__Data shown__.
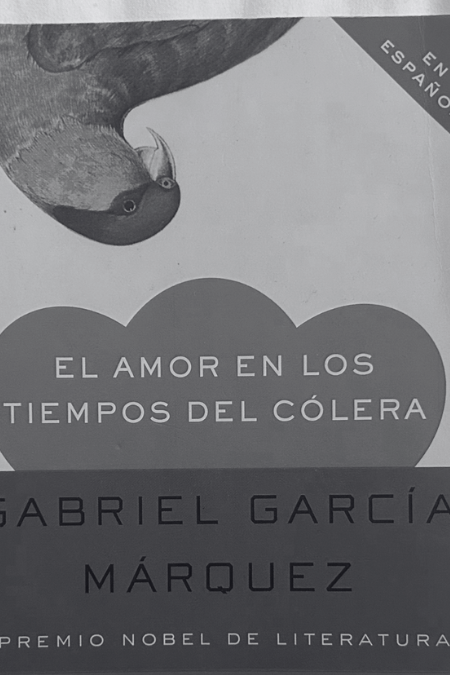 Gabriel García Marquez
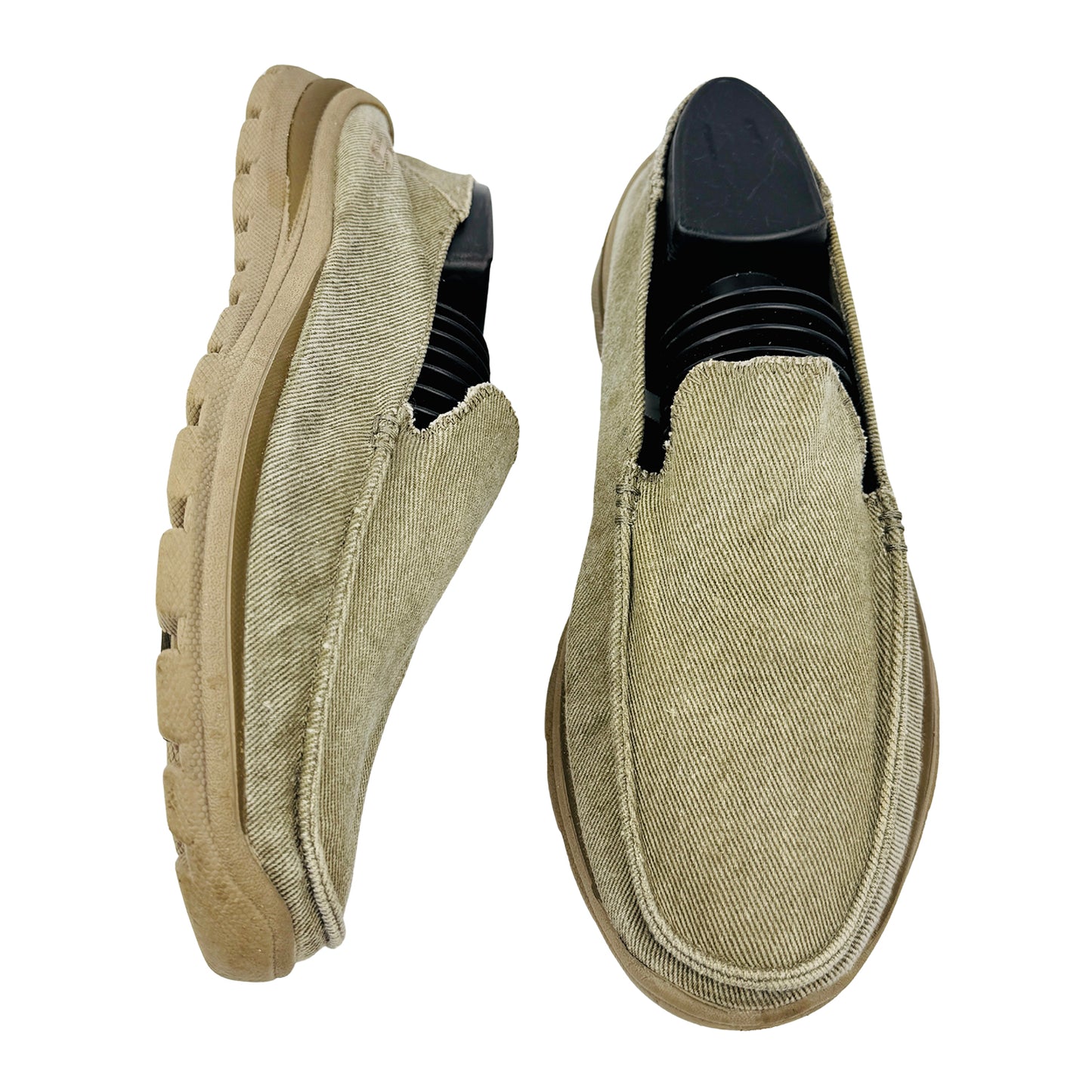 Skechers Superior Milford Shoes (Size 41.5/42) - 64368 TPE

* * *

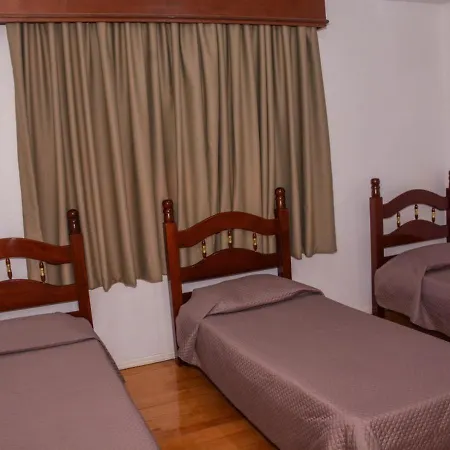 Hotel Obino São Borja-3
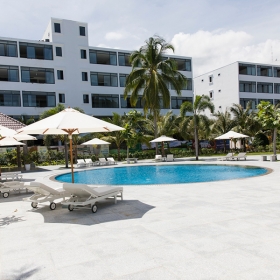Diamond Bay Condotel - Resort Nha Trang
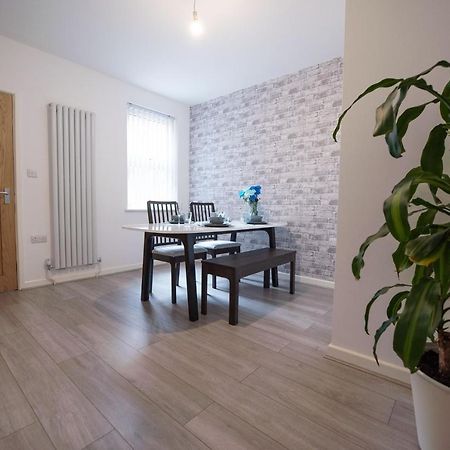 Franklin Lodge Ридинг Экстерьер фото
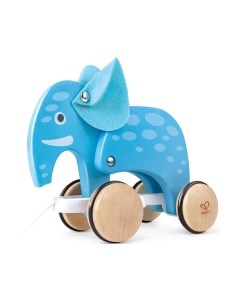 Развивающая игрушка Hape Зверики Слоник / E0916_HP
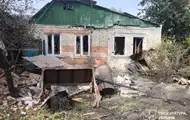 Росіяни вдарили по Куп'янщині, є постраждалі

__Problem statement__.
The reply should hold the entries above from the line with "Gabriel García Marquez" to the line with "Skechers Superior Milford", duplicated exactly, pictures excluded.

__Response__.
 Gabriel García Marquez
 Skechers Superior Milford Shoes (Size 41.5/42) - 64368 TPE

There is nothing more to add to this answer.